WHAT THE TASK ASKS: Please copy each line of the records below that includes the word "Beautiful".

START EXTRACTED ENTRIES

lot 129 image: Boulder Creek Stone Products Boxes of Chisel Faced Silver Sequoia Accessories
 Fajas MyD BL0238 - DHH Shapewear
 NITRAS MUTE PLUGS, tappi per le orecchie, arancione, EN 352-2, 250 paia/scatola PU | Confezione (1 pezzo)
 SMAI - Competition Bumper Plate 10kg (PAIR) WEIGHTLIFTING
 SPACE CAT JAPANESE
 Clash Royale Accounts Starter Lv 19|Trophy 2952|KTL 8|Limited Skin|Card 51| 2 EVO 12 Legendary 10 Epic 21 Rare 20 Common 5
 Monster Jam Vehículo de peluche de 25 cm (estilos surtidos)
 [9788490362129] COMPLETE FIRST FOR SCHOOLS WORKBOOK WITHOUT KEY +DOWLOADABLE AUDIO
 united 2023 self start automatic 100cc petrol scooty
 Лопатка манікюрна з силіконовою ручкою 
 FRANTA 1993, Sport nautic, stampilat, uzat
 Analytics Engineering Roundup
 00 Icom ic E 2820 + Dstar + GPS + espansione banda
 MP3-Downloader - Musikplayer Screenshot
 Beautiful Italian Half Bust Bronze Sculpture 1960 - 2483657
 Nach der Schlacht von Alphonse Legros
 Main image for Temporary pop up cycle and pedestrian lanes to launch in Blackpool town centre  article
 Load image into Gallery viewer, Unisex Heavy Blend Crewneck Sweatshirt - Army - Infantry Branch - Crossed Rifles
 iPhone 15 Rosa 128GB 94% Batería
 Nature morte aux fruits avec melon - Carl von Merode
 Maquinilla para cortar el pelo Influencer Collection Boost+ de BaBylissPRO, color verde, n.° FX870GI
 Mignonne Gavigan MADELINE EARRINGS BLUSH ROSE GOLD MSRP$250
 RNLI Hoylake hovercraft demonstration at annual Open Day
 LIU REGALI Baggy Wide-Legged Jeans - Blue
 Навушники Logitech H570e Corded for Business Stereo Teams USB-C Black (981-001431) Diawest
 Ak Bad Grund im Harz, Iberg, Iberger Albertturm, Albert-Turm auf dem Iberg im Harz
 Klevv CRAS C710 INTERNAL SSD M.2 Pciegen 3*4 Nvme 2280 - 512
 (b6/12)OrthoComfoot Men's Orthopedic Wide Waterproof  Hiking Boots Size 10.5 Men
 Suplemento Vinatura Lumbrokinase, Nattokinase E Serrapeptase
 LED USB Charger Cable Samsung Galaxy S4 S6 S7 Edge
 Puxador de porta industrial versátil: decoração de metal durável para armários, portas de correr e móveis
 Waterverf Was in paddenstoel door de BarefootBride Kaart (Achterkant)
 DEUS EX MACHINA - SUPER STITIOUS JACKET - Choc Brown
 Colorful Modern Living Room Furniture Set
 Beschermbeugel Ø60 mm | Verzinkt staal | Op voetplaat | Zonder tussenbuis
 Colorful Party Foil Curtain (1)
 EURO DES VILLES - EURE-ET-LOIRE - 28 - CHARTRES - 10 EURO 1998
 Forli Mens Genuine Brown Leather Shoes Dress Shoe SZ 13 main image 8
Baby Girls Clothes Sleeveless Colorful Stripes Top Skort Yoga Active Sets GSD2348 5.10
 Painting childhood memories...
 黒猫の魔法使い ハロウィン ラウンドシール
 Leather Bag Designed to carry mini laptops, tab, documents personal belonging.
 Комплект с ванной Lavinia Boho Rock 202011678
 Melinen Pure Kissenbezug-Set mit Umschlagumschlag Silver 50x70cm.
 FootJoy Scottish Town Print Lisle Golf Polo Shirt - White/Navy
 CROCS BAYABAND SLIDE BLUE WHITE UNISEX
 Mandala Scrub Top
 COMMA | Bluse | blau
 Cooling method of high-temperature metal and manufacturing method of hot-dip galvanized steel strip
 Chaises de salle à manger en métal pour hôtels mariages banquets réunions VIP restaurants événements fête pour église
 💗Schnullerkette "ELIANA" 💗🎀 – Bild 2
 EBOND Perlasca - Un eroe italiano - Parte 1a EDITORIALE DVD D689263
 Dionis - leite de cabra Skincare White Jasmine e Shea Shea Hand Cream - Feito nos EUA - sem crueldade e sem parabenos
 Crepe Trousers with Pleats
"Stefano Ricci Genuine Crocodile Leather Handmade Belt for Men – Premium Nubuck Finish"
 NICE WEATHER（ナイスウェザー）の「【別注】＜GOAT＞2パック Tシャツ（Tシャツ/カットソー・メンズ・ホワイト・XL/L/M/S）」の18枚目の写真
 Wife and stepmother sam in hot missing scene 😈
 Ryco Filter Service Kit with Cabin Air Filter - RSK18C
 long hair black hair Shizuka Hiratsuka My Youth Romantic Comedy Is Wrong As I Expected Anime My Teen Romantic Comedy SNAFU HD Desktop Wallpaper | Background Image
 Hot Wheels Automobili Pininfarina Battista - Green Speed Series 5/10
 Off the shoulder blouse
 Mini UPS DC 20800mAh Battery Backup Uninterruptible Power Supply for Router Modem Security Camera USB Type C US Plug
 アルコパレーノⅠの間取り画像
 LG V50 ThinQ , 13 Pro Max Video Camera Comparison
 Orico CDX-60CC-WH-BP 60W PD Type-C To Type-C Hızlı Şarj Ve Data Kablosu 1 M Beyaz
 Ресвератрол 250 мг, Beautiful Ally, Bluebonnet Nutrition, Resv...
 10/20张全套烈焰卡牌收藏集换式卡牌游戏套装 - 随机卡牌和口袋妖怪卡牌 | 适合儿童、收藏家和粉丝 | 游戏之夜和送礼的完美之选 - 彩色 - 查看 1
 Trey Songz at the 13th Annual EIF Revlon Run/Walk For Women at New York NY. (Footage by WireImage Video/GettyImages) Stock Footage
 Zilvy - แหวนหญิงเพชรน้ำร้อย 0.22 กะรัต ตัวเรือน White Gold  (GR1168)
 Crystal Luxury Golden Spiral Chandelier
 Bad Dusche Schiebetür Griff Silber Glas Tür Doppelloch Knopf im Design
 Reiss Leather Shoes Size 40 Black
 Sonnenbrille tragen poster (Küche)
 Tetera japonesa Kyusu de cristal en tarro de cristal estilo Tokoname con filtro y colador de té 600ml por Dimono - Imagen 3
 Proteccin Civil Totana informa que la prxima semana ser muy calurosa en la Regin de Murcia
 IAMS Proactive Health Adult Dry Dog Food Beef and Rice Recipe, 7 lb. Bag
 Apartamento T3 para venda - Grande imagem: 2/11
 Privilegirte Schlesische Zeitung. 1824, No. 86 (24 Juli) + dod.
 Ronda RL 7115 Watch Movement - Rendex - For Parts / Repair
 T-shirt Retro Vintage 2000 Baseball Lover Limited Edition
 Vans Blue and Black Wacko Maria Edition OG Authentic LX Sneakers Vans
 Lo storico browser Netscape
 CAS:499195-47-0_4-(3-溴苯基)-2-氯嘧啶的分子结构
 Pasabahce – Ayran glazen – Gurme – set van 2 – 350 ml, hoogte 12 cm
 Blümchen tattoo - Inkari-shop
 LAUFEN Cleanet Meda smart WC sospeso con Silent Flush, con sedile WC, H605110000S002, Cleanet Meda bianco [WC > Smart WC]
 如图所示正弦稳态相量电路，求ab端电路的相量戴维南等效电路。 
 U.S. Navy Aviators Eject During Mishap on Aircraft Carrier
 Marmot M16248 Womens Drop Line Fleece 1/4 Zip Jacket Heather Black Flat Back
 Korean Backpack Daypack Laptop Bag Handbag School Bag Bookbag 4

END EXTRACTED ENTRIES

EXERCISE ANSWER:
 Beautiful Italian Half Bust Bronze Sculpture 1960 - 2483657
 Ресвератрол 250 мг, Beautiful Ally, Bluebonnet Nutrition, Resv...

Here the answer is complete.